====== Data provided
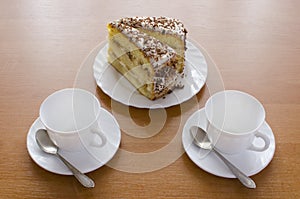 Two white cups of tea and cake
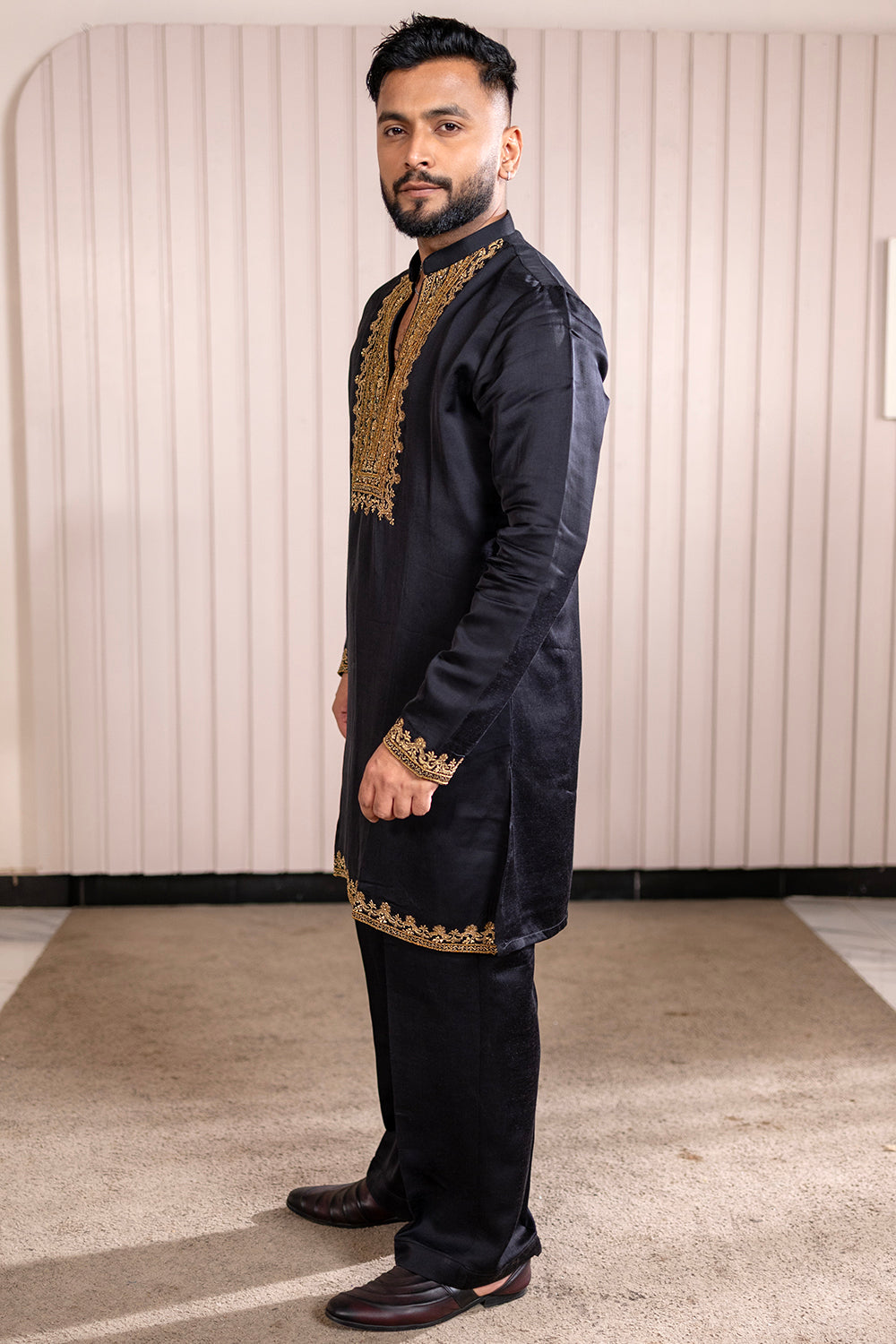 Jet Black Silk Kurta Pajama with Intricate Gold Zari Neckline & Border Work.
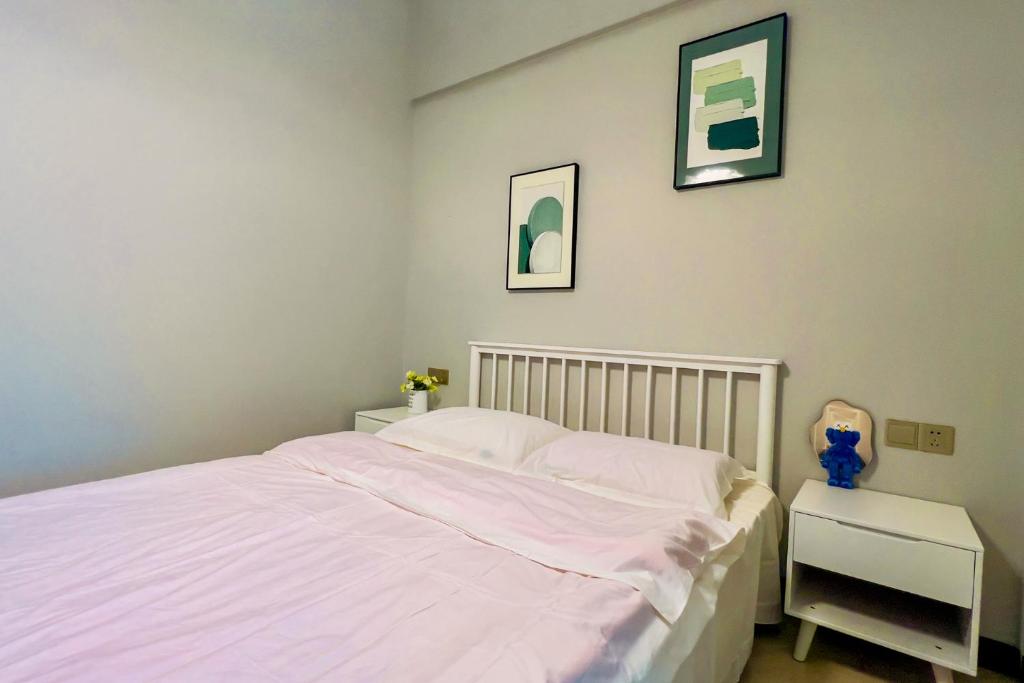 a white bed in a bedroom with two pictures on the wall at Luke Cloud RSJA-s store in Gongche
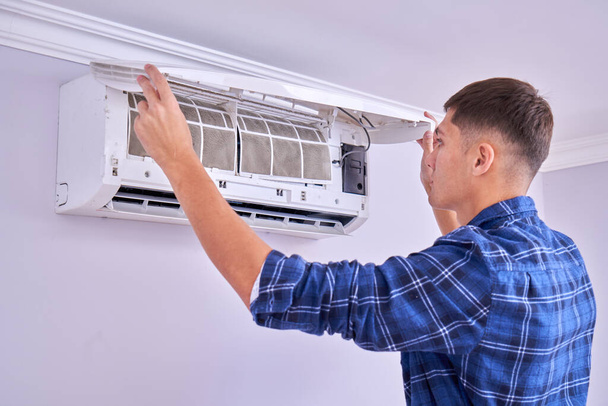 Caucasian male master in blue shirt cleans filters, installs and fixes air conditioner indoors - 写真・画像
============
====== Data provided
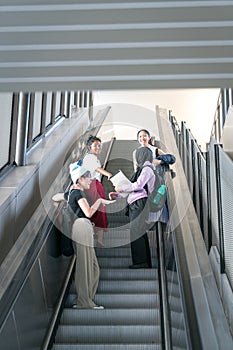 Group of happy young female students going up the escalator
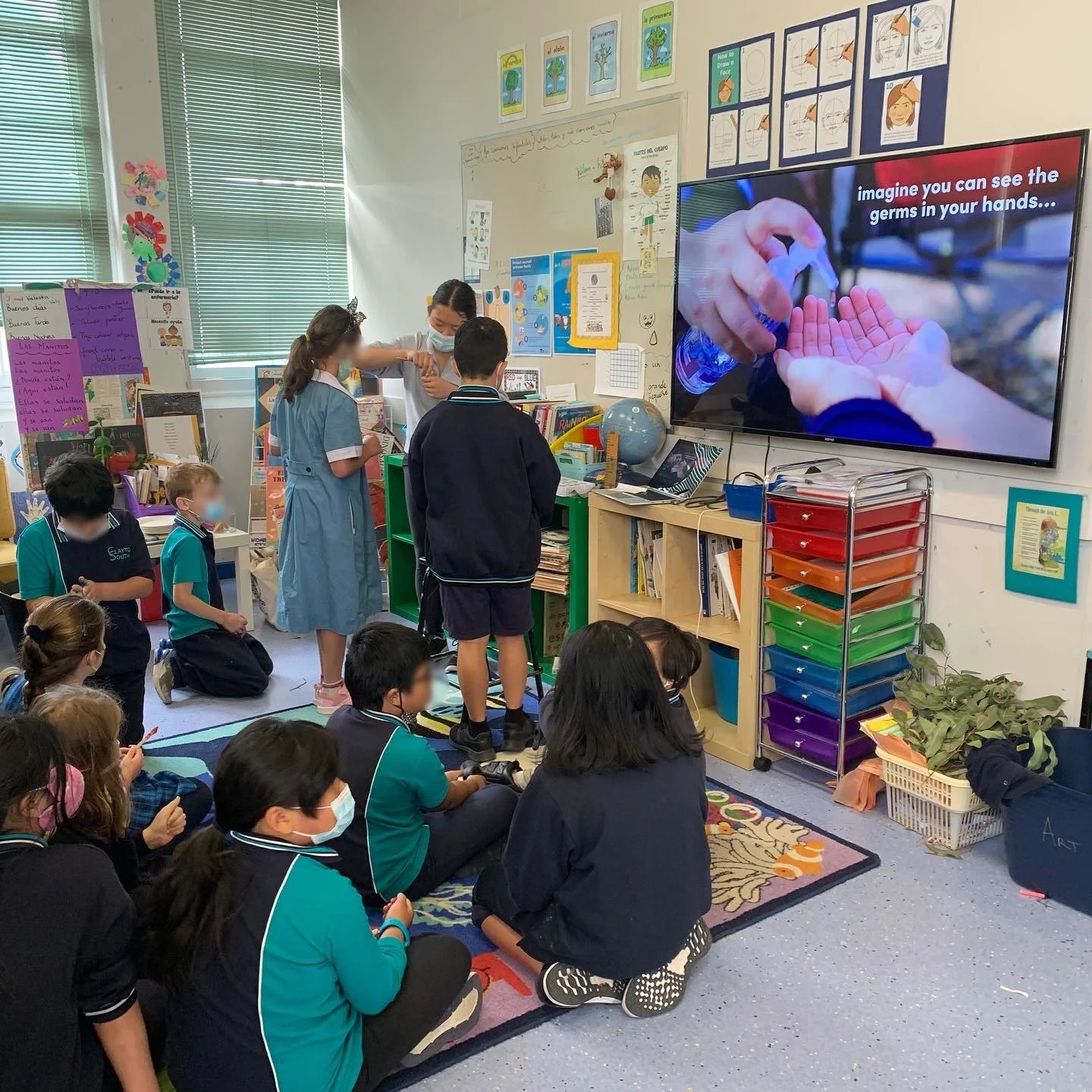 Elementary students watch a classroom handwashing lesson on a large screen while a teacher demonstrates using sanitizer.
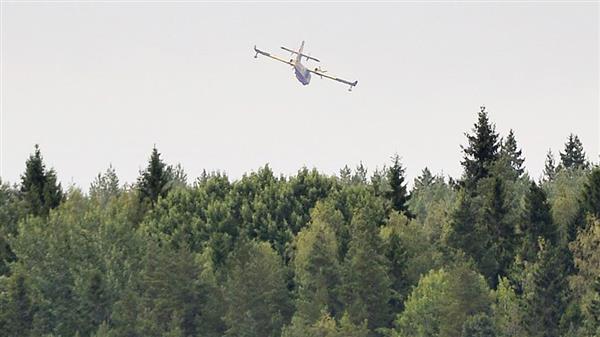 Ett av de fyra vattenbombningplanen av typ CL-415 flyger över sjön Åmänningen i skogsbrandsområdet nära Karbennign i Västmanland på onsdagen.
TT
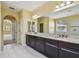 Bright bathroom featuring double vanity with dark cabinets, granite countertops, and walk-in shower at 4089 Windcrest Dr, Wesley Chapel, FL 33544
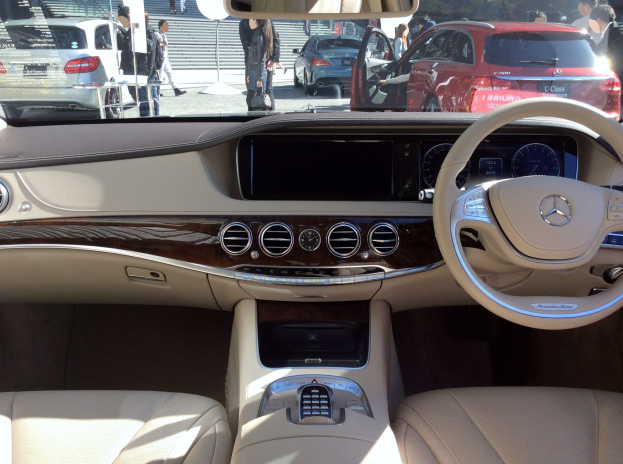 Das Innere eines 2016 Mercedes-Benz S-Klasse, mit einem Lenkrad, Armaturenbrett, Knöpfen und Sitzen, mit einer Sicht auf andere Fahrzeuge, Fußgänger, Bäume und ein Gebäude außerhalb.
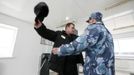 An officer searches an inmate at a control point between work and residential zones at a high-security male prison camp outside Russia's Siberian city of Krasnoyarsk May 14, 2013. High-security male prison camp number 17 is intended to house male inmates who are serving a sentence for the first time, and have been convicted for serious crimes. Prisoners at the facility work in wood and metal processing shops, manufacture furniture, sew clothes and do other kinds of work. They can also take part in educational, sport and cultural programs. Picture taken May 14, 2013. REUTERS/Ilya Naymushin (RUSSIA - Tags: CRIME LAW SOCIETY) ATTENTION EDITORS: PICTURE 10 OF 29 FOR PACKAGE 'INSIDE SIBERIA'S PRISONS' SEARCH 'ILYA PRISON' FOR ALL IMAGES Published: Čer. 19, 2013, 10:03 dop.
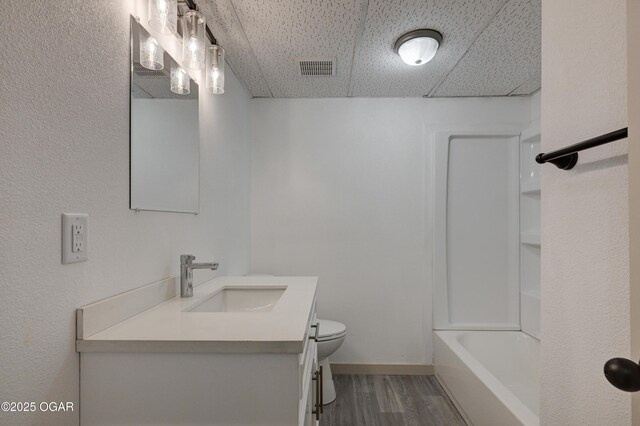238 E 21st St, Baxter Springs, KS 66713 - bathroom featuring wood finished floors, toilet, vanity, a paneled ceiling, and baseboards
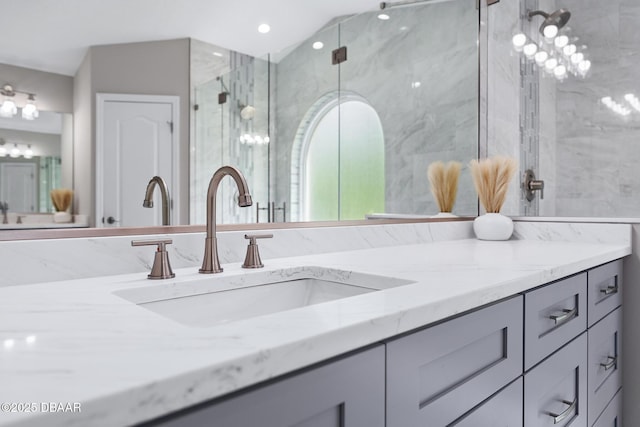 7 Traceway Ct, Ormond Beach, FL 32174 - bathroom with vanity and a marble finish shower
============
====== Data provided
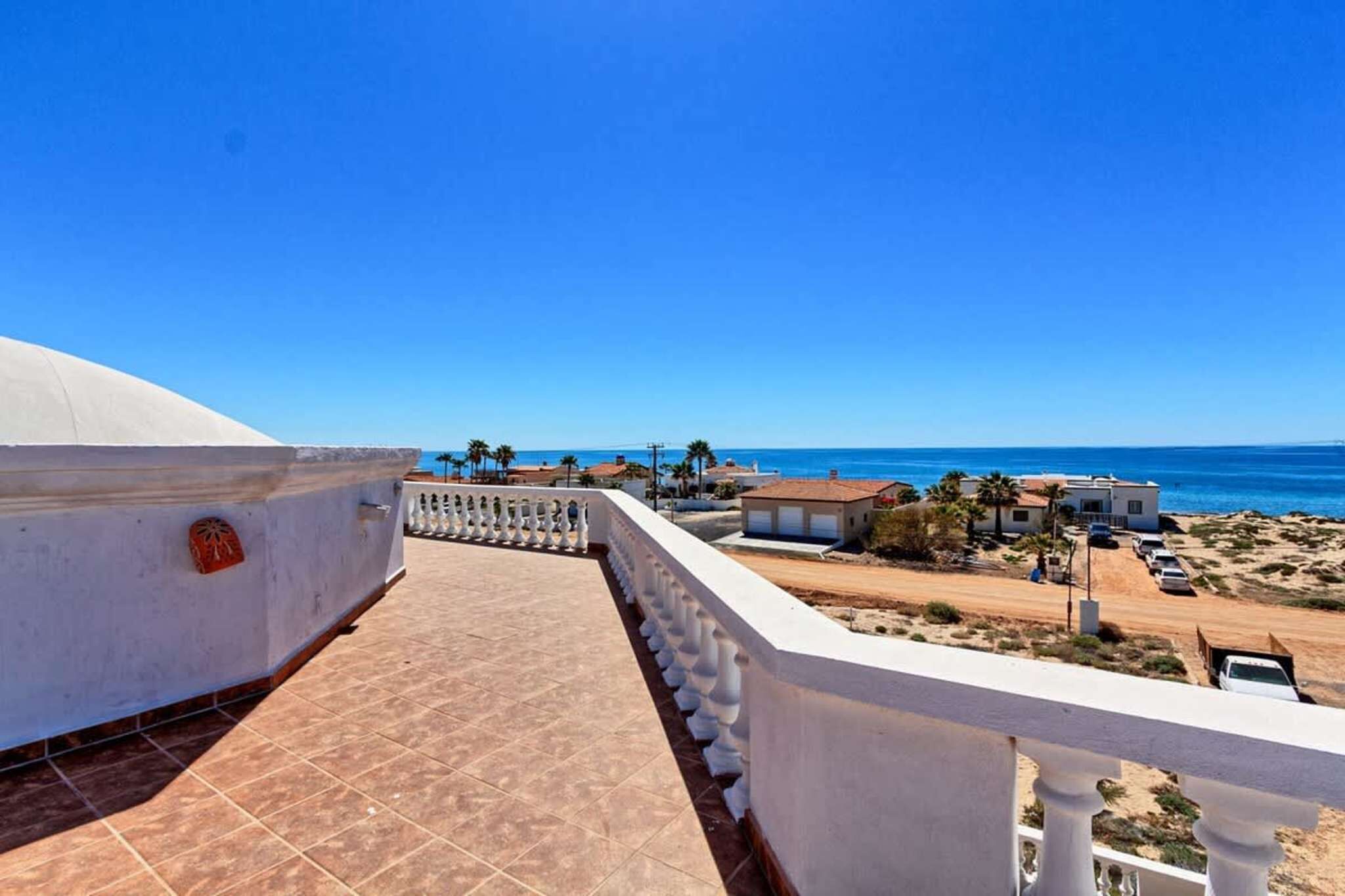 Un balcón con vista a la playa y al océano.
============
**Work task**
Return only the stretch above from the line containing "Das Innere eines" through the line containing "An officer searches", word for word and without pictures.

**The answer**
 Das Innere eines 2016 Mercedes-Benz S-Klasse, mit einem Lenkrad, Armaturenbrett, Knöpfen und Sitzen, mit einer Sicht auf andere Fahrzeuge, Fußgänger, Bäume und ein Gebäude außerhalb.
 An officer searches an inmate at a control point between work and residential zones at a high-security male prison camp outside Russia's Siberian city of Krasnoyarsk May 14, 2013. High-security male prison camp number 17 is intended to house male inmates who are serving a sentence for the first time, and have been convicted for serious crimes. Prisoners at the facility work in wood and metal processing shops, manufacture furniture, sew clothes and do other kinds of work. They can also take part in educational, sport and cultural programs. Picture taken May 14, 2013. REUTERS/Ilya Naymushin (RUSSIA - Tags: CRIME LAW SOCIETY) ATTENTION EDITORS: PICTURE 10 OF 29 FOR PACKAGE 'INSIDE SIBERIA'S PRISONS' SEARCH 'ILYA PRISON' FOR ALL IMAGES Published: Čer. 19, 2013, 10:03 dop.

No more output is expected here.